The scenes at the 1990 Japanese GP were electric as Suzuki’s Larrousse Lola-Lamborghini reeled off the laps and finished in third position. As he emerged onto the podium alongside Benetton’s Nelson Piquet and Roberto Moreno, Suzuka erupted in a joyous expression of national pride.

Early racing career

It had been a long ascent to that moment for someone who had started racing karts in 1972. Crowned national champion in 1978, he switched to cars a year later in the Japanese Formula 3 Championship. Six years in the category included finishing as runner-up in 1983 with a Hayashi-Toyota and 1985 for Central 20 Racing. That success led to a Nissan contract for touring cars and he won the 1986 Japanese title with co-driver Takao Wada.

Formula 1 with Larrousse, Zakspeed and Footwork

Suzuki graduated to Japanese F3000 with Footwork’s March-Yamaha in 1987 and 1988. He finished as runner-up behind Kazuyoshi Hoshino in his rookie year and narrowly beat the veteran to the 1988 title. Those performances launched Suzuki as Japan’s newest F1 hopeful and he made his debut for Larrousse Lola in the 1988 Japanese GP.

He signed with the Zakspeed-Yamaha F1 team for 1989 but ended the year with an unhappy record – the only driver to fail to pre-qualify for all 16 races. However, with backing from Japanese sponsors, Suzuki rejoined Larrousse for the 1990 season. Sixth in the British and Spanish GPs, that glorious day in front of his home crowd clinched 10th in the world championship.

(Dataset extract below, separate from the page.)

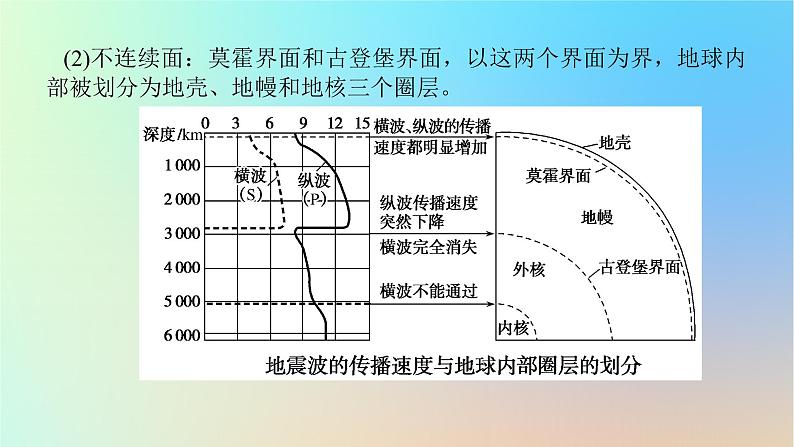 2024版新教材高考地理全程一轮总复习第一部分自然地理第二章宇宙中的地球第8课时地球的圈层结构课件新人教版第5页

Sixth in the 1991 United States GP at the start of an increasingly disappointing campaign, Suzuki moved to Arrows (now owned by and renamed as Footwork) for 1992 but he endured two seasons with the Mugen-powered team without so much as a championship point.

Final races for Jordan and Ligier

A one-off with Jordan in 1994 Pacific GP at Aida was followed by an arrangement to alternate a Ligier drive with Martin Brundle during 1995. Those final GPs of Suzuki’s career included sixth place in Germany. However, Suzuki crashed during qualifying at Suzuka and suffered damaged vertebrae and internal bleeding.

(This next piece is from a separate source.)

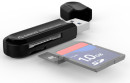 Картридер внешний Orico CRS21 USB3.0 microSD/SDHC/SDXC черный2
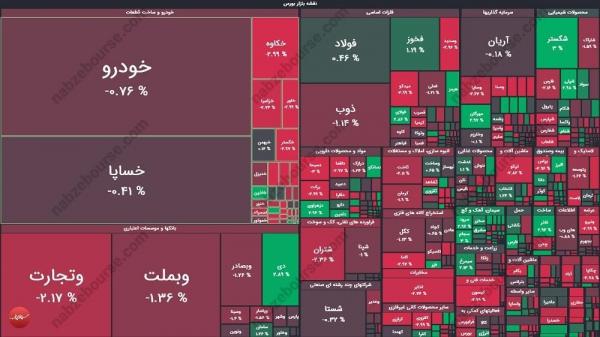 بورس تهران,آخرین وضعیت بازار بورس تهران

He returned to Japanese racing and finished third in the 1998 Le Mans 24 Hours with a works Nissan R390 that he shared with Hoshino and Masahiko Kageyama. Suzuki retired as a driver two years later but the Super Aguri brand was born with his growing team ownership. That included the ill-fated, Honda-backed F1 team that operated from 2006 to 2008.